The Mechanism of Action of NMN in Inhibiting NLRP3 Acetylation-Mediated Granulosa Cell Pyroptosis to Improve Ovarian Reserve Function in Ionizing Radiation-Exposed Mice

Ionizing radiation (IR) is well documented for its gonadotoxic effects, resulting in ovarian dysfunction and infertility through direct cellular damage and inflammatory processes. The activation and regulation of the NOD-like Receptor protein 3 (NLRP3) inflammasome are crucial for modulating Pyroptosis and inflammatory responses. Recent findings suggest that acetylation is essential for the full activation of the NLRP3 inflammasome.
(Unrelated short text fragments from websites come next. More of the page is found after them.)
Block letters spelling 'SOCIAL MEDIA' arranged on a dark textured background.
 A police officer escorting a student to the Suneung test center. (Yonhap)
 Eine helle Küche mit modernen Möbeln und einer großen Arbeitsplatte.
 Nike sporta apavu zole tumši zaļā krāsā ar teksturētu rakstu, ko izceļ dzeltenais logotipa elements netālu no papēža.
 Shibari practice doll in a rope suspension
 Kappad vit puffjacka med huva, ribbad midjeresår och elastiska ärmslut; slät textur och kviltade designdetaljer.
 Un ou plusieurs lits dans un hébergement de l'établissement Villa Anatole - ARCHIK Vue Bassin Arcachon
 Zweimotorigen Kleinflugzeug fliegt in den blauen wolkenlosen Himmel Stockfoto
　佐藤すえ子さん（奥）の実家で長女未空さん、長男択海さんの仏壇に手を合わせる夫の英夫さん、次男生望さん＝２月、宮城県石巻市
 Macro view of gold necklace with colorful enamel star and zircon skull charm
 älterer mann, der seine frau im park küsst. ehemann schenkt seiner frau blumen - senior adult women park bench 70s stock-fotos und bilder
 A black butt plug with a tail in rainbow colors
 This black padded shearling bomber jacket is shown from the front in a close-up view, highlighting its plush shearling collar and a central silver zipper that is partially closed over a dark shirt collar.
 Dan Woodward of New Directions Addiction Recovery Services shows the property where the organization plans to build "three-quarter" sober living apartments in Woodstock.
This study examines the protective effects of Nicotinamide mononucleotide (NMN) against IR-induced Pyroptosis in ovarian granulosa cells, with a particular focus on the molecular mechanisms involving NLRP3 protein acetylation. Our observations from both in vivo and in vitro experiments demonstrate that IR exposure results in increased Pyroptosis of granulosa cells, evidenced by elevated levels of NLRP3, Caspase-1, IL-1β, and IL-18, alongside a reduction in ovarian reserve. Importantly, SIRT3, an NAD⁺-dependent deacetylase, plays a role in mitigating the decline in ovarian function by promoting the deacetylation of NLRP3 at lysine 570, thereby inhibiting the activation of the NLRP3 inflammasome. This study provides valuable insights into the potential of NMN supplementation in mitigating the adverse effects of radiation on ovarian function.

Acetylation; Ionizing radiation; NLRP3; Ovarian reserve; Pyroptosis.